HP Forums
Fill with color in Geometry App - Printable Version

+- HP Forums (https://www.hpmuseum.org/forum)
+-- Forum: HP Calculators (and very old HP Computers) (/forum-3.html)
+--- Forum: HP Prime (/forum-5.html)
+--- Thread: Fill with color in Geometry App (/thread-1296.html)



Fill with color in Geometry App - Alberto Candel - 05-12-2014 07:39 AM

Hello,

There may be a good reason for the following behavior with the "fill with color" option in the Geometry App, but I cannot figure it out. The following command

GA:=polygon(0,1+i,2*i,-1+i/2,('display')=(3+filled))

plots a quadrilateral with vertices 0, 1+i, 2i and -1+i/2 and filled with yellow. However, if I store the vertices in a list L1 (say) then

GB:=polygon(L1)

displays the same polygon with no color, just the border (as expected) but

GC:=polygon(L1,('display')=(3+filled))

displays nothing. Why is that? Thank you.


RE: Fill with color in Geometry App - parisse - 05-12-2014 12:13 PM

Because L1 is a list, you must convert it to a sequence in order to flatten all the arguments of polygon. Try
GC:=polygon(op(L1),('display')=(3+filled))
Or use a CAS sequence to store your vertices:
l1:=0,1+i,2*i,-1+i/2;
polygon(l1,('display')=(3+filled))
Note that when using CAS variables, the input is kept exact, e.g. perimeter(l1) will return an exact value.


RE: Fill with color in Geometry App - Alberto Candel - 05-12-2014 04:11 PM

(05-12-2014 12:13 PM)parisse Wrote:  Because L1 is a list, you must convert it to a sequence in order to flatten all the arguments of polygon. Try
GC:=polygon(op(L1),('display')=(3+filled))
Or use a CAS sequence to store your vertices:
l1:=0,1+i,2*i,-1+i/2;
polygon(l1,('display')=(3+filled))
Note that when using CAS variables, the input is kept exact, e.g. perimeter(l1) will return an exact value.
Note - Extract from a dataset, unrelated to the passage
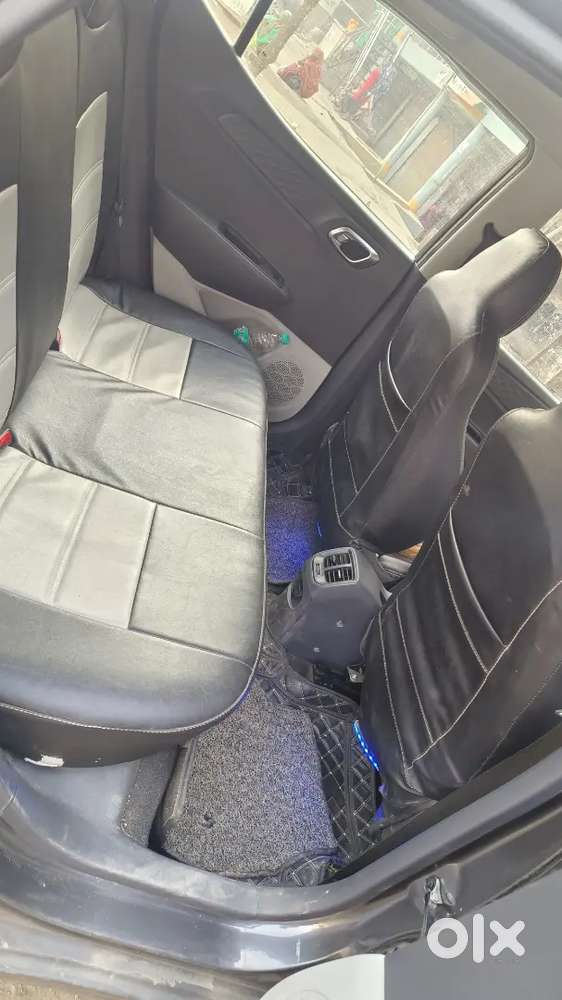 Hyundai Grand I10 Nios Sportz New Condition Urgent Sale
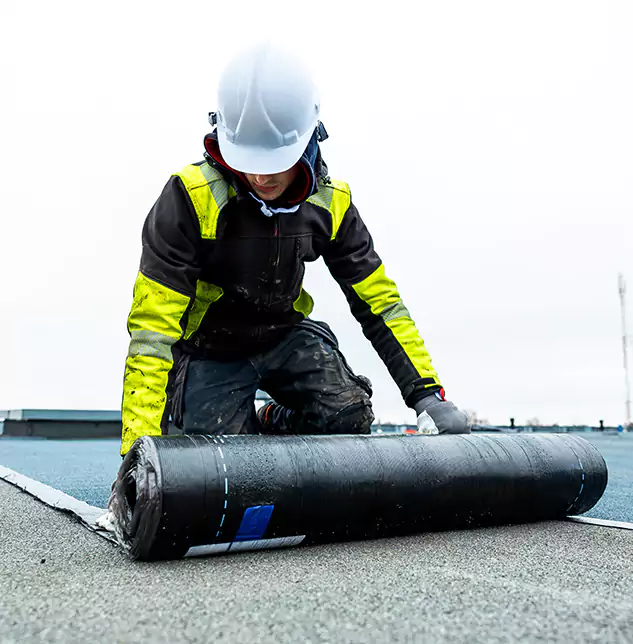 Premium TPO Roofing Systems: Glendale Heights's Trusted Membrane Installation Experts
Thank you. That works. I was using L1 because it was the result of doing operations that combined other lists of points.

By the way (as a suggestion for future revisions of the "on screen" help) "op" is not documented in Help. Also, Help states that "convex hull" takes lists of points as arguments, but it also takes sequences of points. And Help states that "polygon" takes sets of points as arguments, but it seems to me that it takes list or sequences.